Other tasks not in the realm of the version mappers, but part of the evedata.evefile.controllers subpackage, are:

  • Separating 0D data that have been redefined within a scan (single point, average, interval) – sure about this one? see above

  • Mapping scans using the EPICS MPSKIP feature to record individual values for actual average detectors to AverageChannelData objects.

Todo

In light of the newly added scan modules layer and the necessary mapping of datasets to scan modules: Where and how to check whether creating position (count)s during reading the SCML did work (consistency check) and where to actually distribute the datasets to the scan modules?

Probably the best way is to first map all datasets from main to dataset objects within the mapper, and only afterwards (deep)copy these dataset objects where necessary and distribute them to the scan modules, adding the preprocessing step selecting position counts to the respective importer(s).

When exactly the MPSKIP scans are dealt with needs to be decided. Definitely, the general mapping of datasets needs to be done first, as only this creates and maps the special SkipData dataset necessary to carry out the tasks of the mpskip module.

Questions to address

  • How were the log messages/live comments saved before v5?

  • How to deal with options that are monitored? Check whether they change for a given channel/axis and if so, expand them (“fill”) for each PosCount of the corresponding channel/axis, and otherwise set as scalar attribute?

  • How to deal with the situation that not all actual data read from eveH5 are numeric. Of course, non-numeric data cannot be plotted. But how to distinguish sensibly?

Notes on mapping MCA datasets

MCA data themselves are stored as single dataset per spectrum in an HDF5 group, and such group can be uniquely identified by having attributes, and an attribute DeviceType set to Channel.
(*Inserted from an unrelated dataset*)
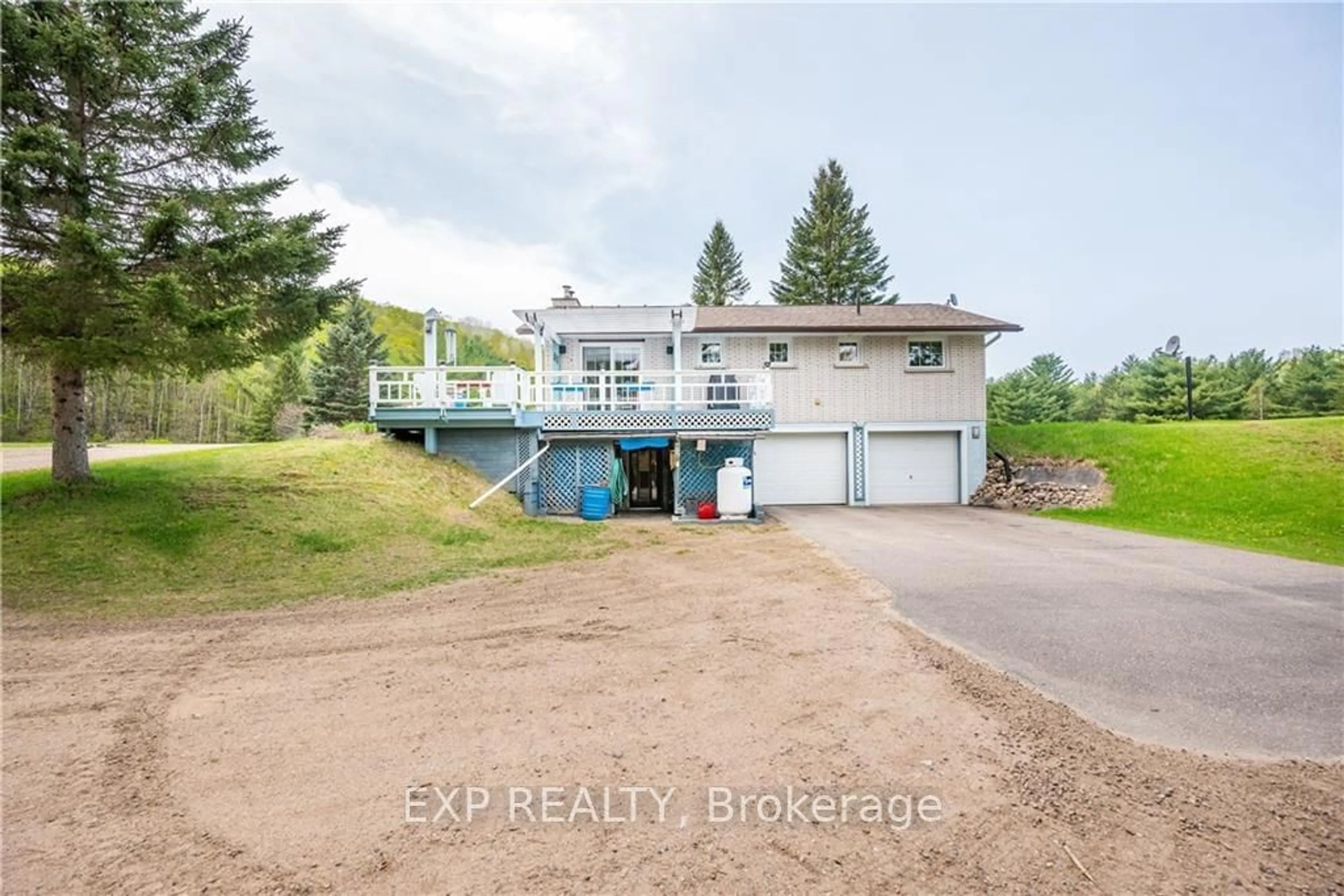 Frontside or backside of a home, cottage for 11462 OPEONGO Rd, Madawaska Valley Ontario K0J 1B0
Furthermore, he PV of a given MCA can be inferred from the Access attribute of the HDF5 group.

Why not using the name of the MCA HDF5 group for obtaining the PV? The group typically has chan1 added without separator straight to the PV name, but the Access attribute reveals the full PV with added .VAL attribute.
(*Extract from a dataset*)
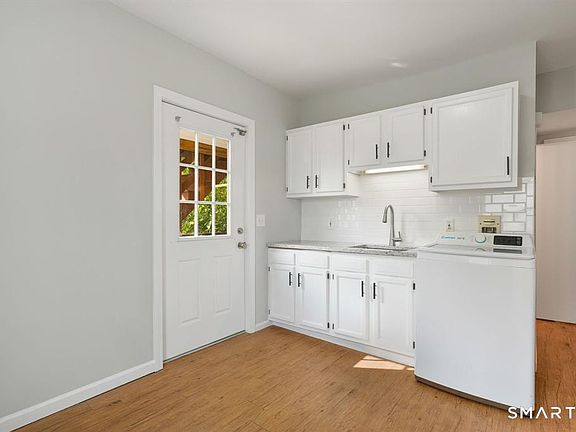3rd image of 102 Wooster St #1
As all additional options follow directly the EPICS MCA record, and the dataset names can be mapped to the PVs of the MCA record, a direct mapping of datasets in the main and snapshot sections could be carried out. In this case, it seems not necessary to explicitly check the PV names of the individual datasets, as the datasets all have the PV attributes as their last part. Note that there are different and variable numbers of ROI channels and corresponding datasets available (up to 32 according to the EPICS MCA record, but probably <10 at PTB).
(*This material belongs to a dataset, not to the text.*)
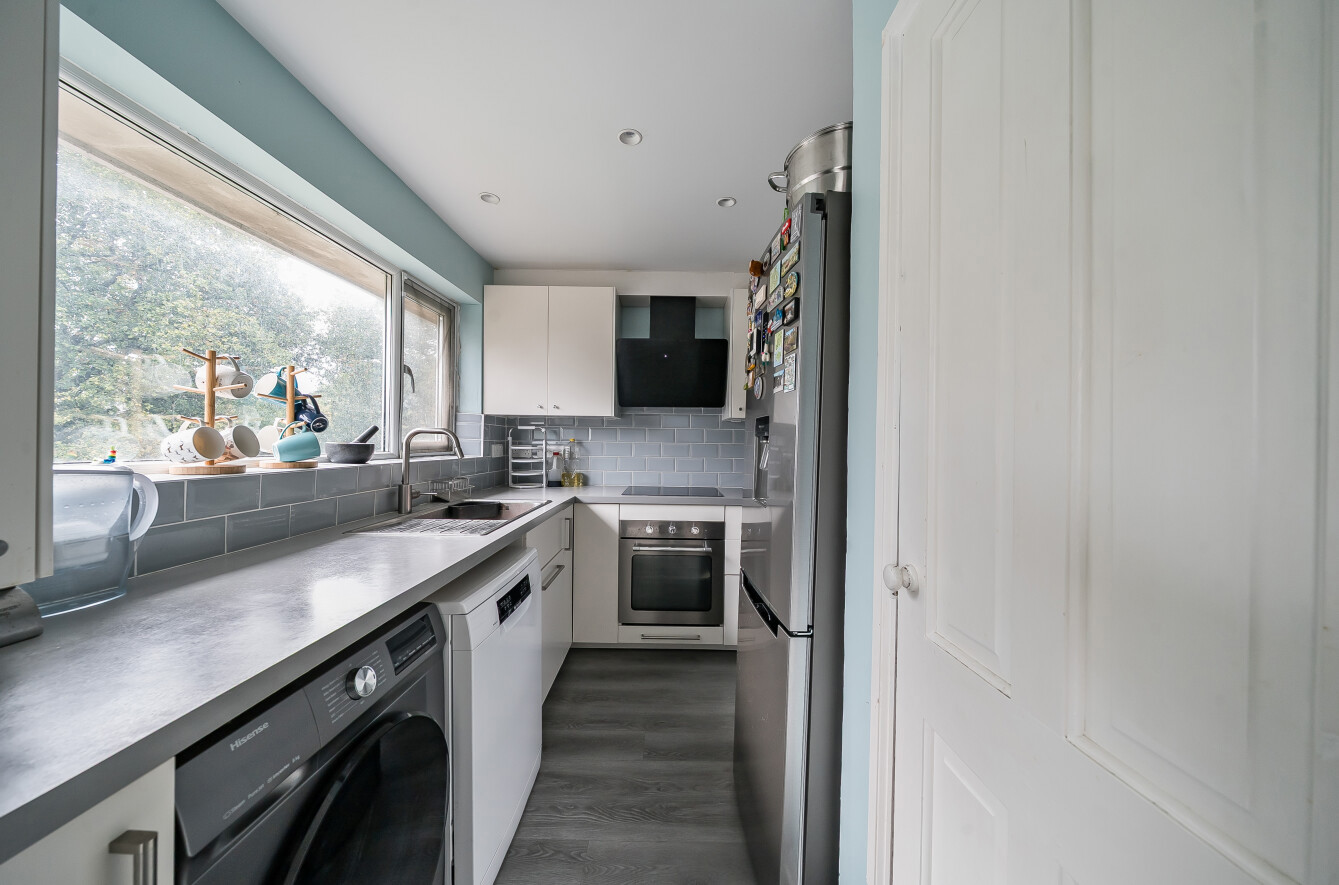 Courtland Gardens, Bassett, Southampton, Hampshire, SO16 - Charters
How to map the values of the snapshot section to the options of the MCAChannelData and MCAChannelROIData classes? Check whether they have changed, and if not, use the first value? How to deal with the situation where the values in the snapshot dataset have changed? This would most probably mean that the MCA has been used with different settings in different scan modules of the scan and would need to be split into different datasets. However, this is only accessible once the data have been read. Again, two scenarios would be possible: (i) postpone the whole procedure to the data import in the MCAChannelData class, or (ii) load the snapshot data during mapping, as this should usually only be small datasets, and deal with the differing values already here.

Notes on mapping camera datasets

Most probably, camera datasets can be identified by having (at least) two colons in their name. Furthermore, the second-right part between two colons should be one of TIFF1 or cam1 for scientific cameras and uvc1 for sample cameras.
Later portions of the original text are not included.